**Source material**
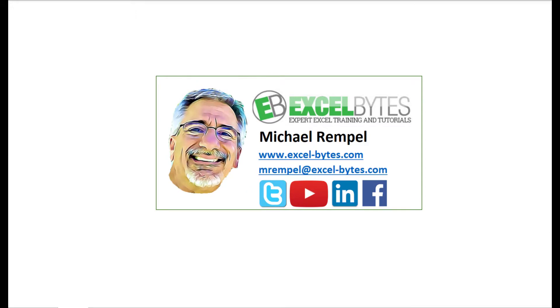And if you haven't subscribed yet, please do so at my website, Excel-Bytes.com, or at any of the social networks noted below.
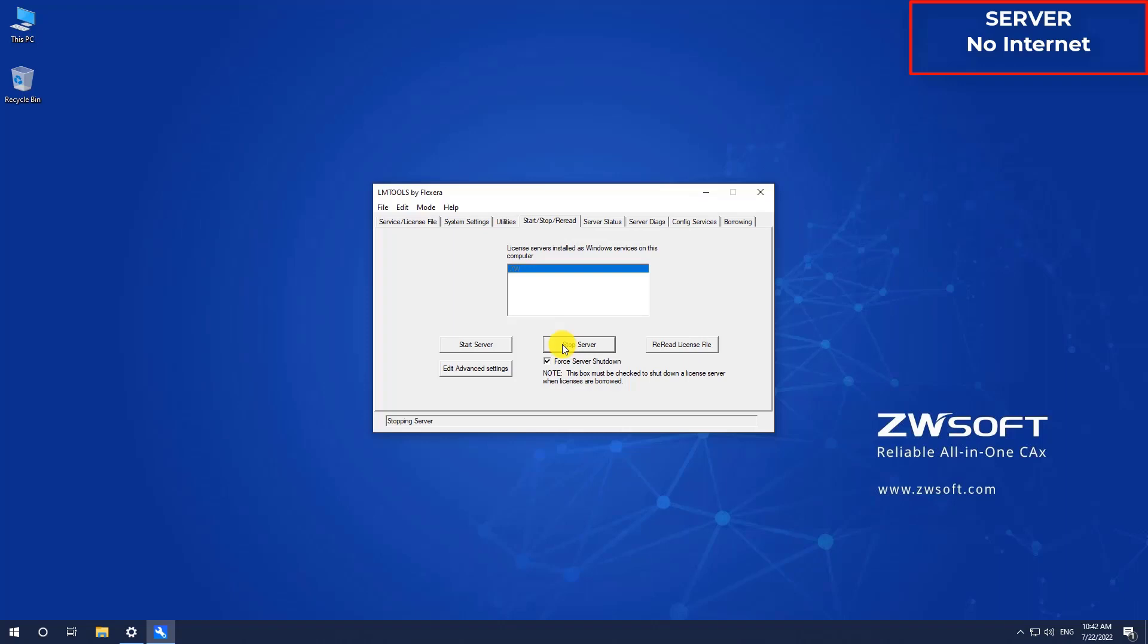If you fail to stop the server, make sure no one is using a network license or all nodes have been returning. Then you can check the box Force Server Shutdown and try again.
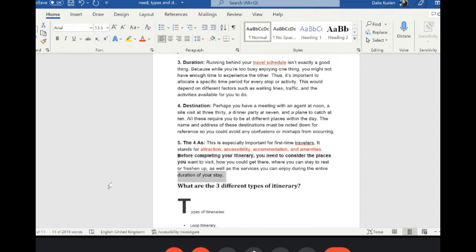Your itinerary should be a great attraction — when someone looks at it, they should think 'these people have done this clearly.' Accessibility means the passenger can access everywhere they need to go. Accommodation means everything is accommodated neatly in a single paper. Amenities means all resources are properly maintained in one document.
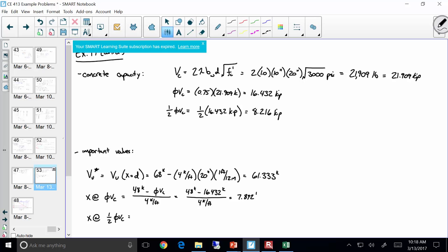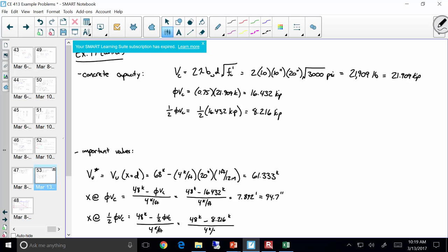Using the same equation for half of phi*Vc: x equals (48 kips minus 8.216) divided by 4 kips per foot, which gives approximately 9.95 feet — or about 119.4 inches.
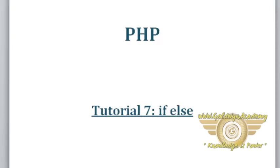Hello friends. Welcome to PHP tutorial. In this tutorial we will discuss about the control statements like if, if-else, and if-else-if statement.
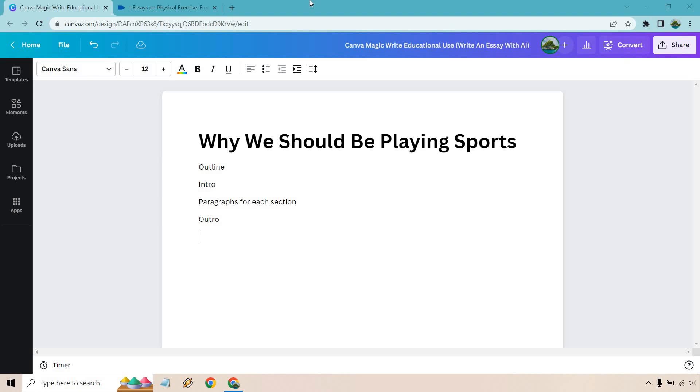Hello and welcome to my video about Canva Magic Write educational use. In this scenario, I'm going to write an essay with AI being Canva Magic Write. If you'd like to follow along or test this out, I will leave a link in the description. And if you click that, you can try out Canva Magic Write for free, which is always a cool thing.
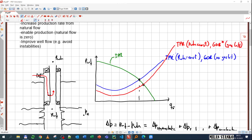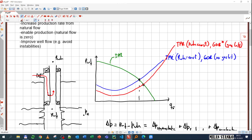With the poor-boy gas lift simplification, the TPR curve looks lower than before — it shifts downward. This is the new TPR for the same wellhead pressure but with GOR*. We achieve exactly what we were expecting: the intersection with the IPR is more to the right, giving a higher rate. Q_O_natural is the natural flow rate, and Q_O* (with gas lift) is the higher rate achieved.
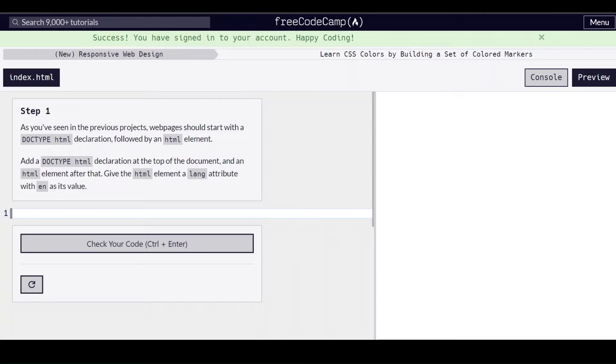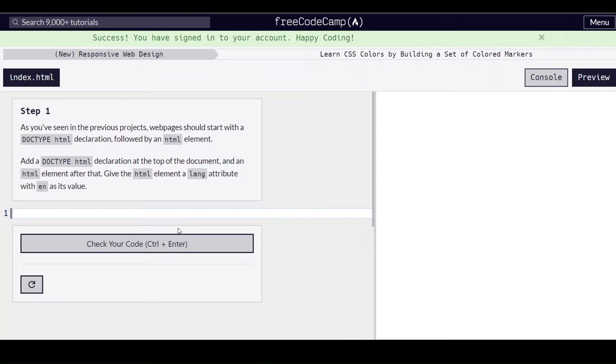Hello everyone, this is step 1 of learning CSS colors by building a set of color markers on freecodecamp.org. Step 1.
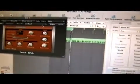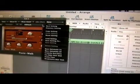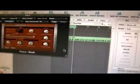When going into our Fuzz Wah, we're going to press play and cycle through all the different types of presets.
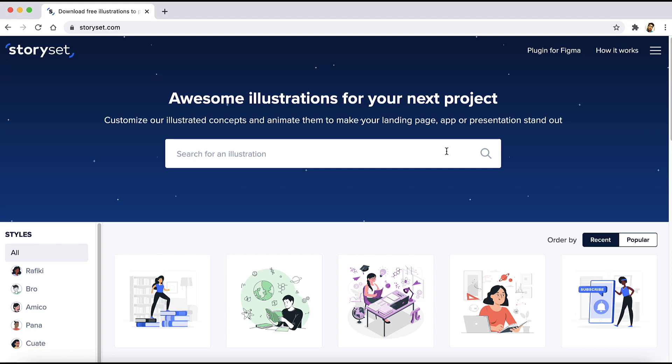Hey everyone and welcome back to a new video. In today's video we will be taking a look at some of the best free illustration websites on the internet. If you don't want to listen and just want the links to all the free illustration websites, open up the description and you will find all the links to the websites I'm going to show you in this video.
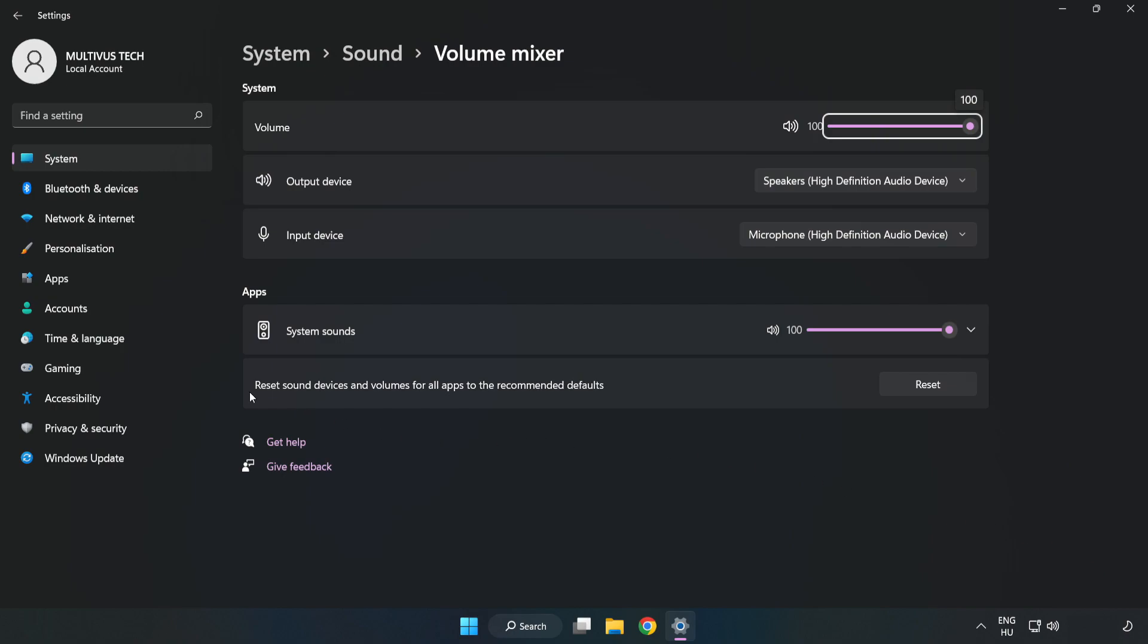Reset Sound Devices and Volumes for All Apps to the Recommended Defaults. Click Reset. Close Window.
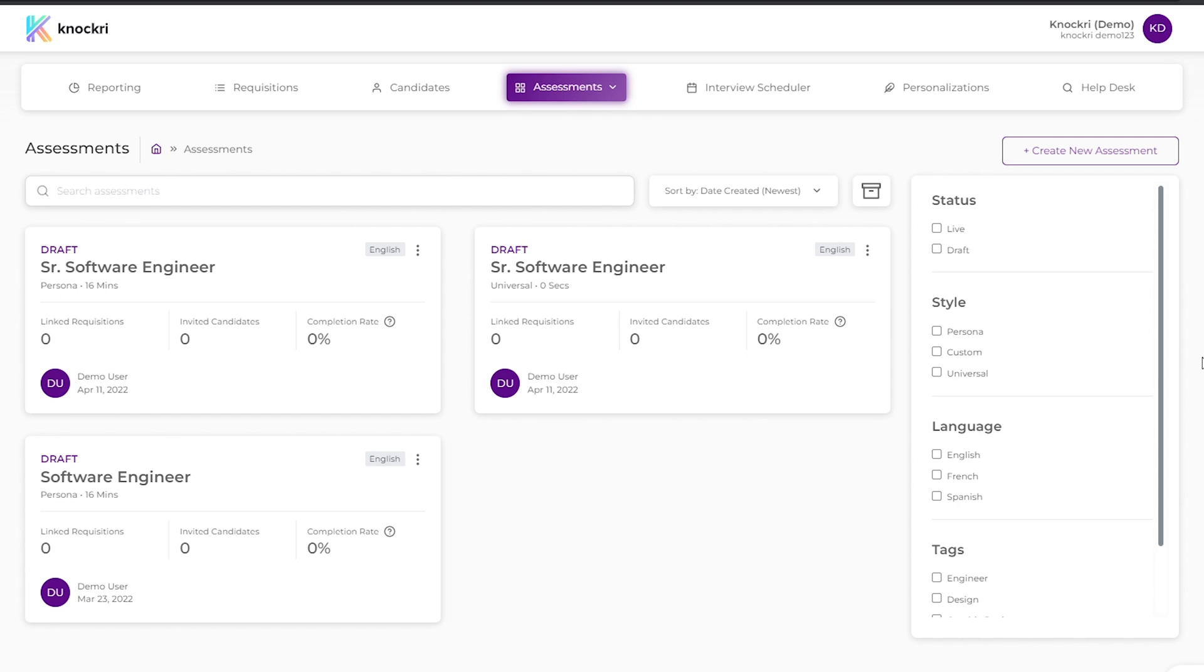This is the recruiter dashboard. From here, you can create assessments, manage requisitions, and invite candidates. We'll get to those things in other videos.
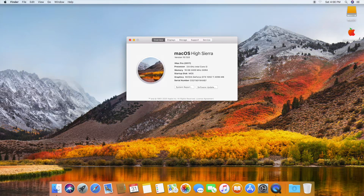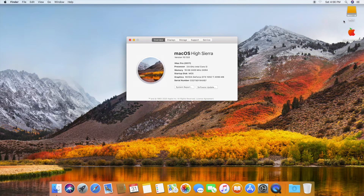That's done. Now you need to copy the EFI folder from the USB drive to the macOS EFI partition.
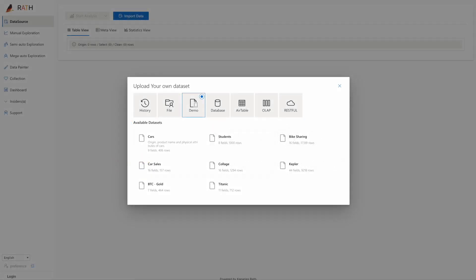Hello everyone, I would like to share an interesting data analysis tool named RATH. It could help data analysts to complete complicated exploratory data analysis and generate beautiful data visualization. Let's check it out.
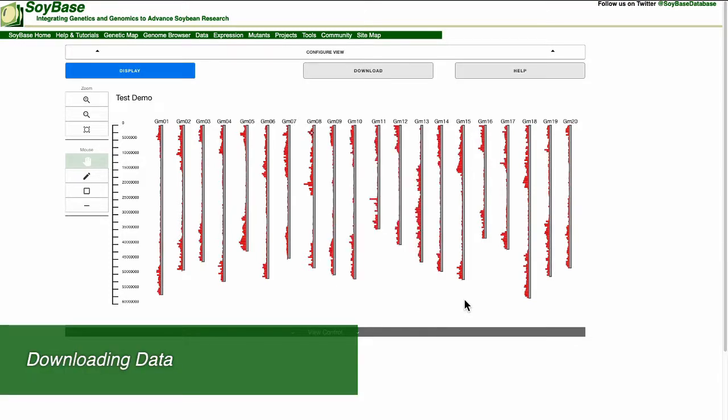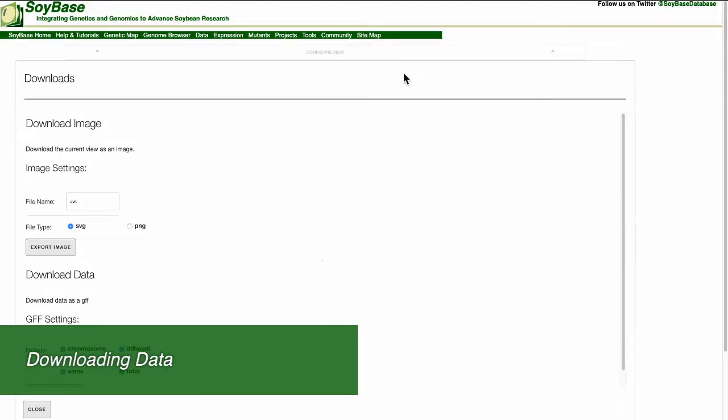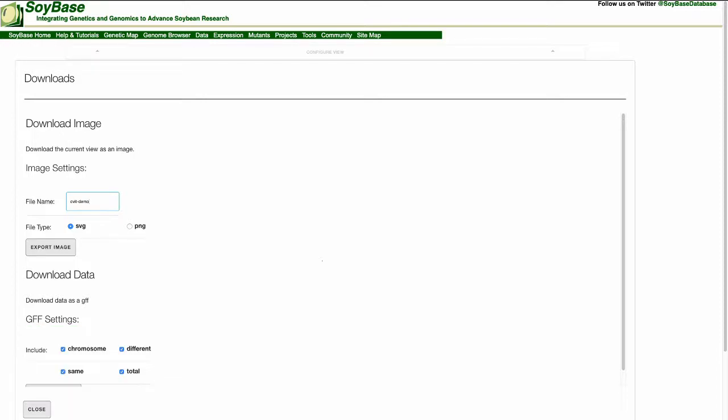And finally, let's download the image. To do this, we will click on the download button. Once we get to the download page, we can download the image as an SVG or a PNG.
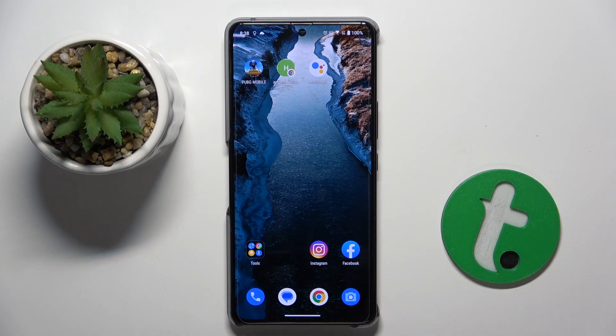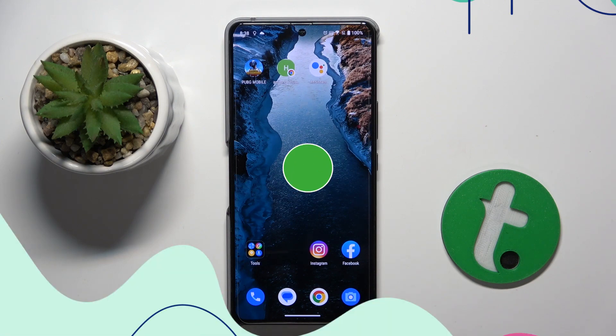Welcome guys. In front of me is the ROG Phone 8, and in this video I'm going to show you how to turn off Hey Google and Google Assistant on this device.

**How to complete this task**
Leave out the pictures, and please output only the lines from the line that contains "Hello everyone, I" through the end of the data, both ends included.

**Your solution**
Hello everyone, I would like to share an interesting data analysis tool named RATH. It could help data analysts to complete complicated exploratory data analysis and generate beautiful data visualization. Let's check it out.
And finally, let's download the image. To do this, we will click on the download button. Once we get to the download page, we can download the image as an SVG or a PNG.
Welcome guys. In front of me is the ROG Phone 8, and in this video I'm going to show you how to turn off Hey Google and Google Assistant on this device.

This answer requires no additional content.